GIVEN INFORMATION ::
◆ ◆ ◆ ◆ ◆ ◆ ◆
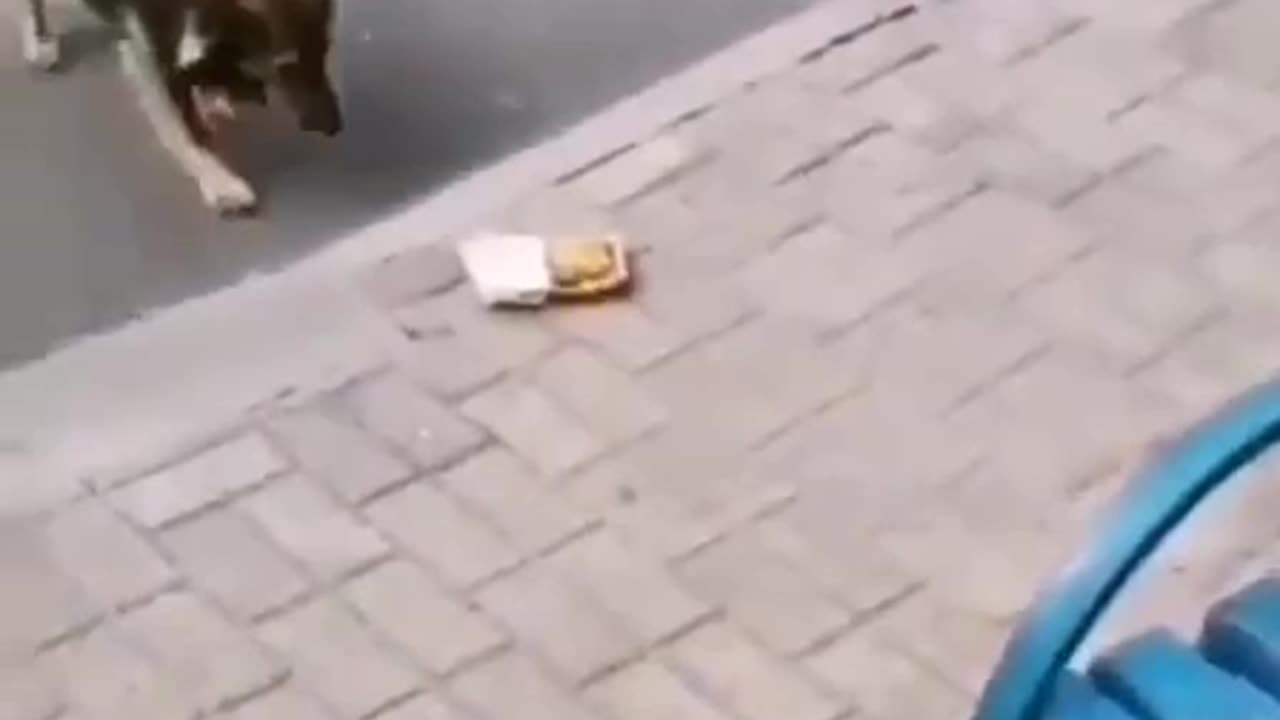 person feeds stray dog mcdonalds, dog pisses on it and runs off!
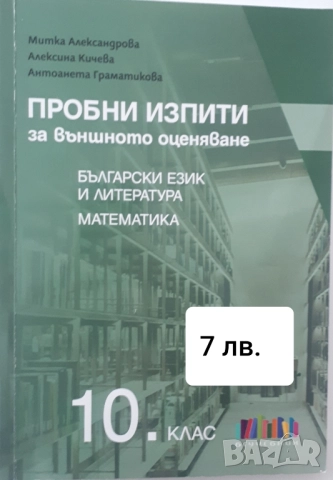 Помагала БЕЛ и Математика за 10 клас, снимка 3 - Учебници, учебни тетрадки - 52658190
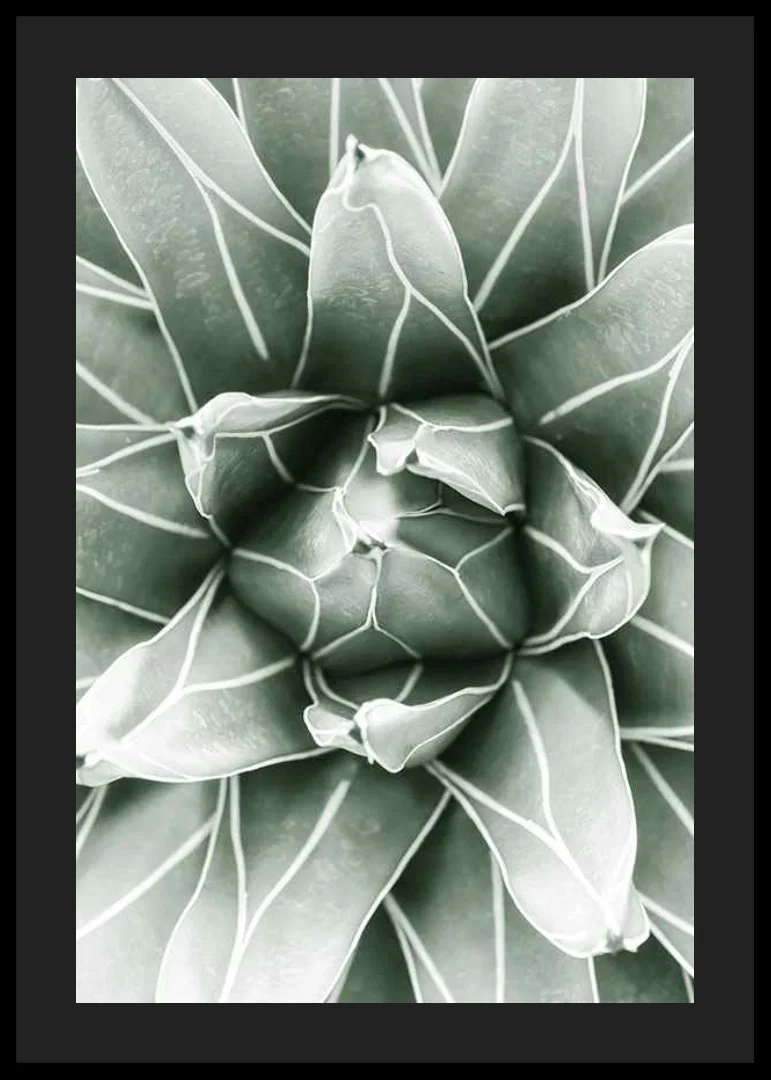 Bright Green Botanical No1-12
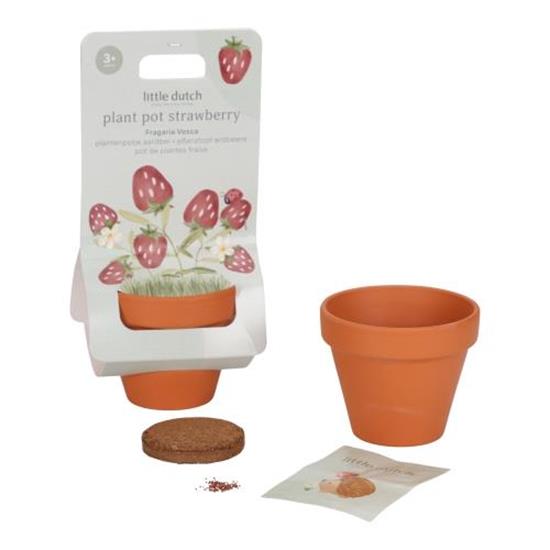 Little Dutch Plant Pot Strawberry - Swanky Boutique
◆ ◆ ◆ ◆ ◆ ◆ ◆
EXERCISE AIM ::
The reply should consist only of the lines running from the one with "Помагала БЕЛ и" through the end of the material, both included, copied exactly; please omit pictures.

COMPLETED EXERCISE ::
 Помагала БЕЛ и Математика за 10 клас, снимка 3 - Учебници, учебни тетрадки - 52658190
 Bright Green Botanical No1-12
 Little Dutch Plant Pot Strawberry - Swanky Boutique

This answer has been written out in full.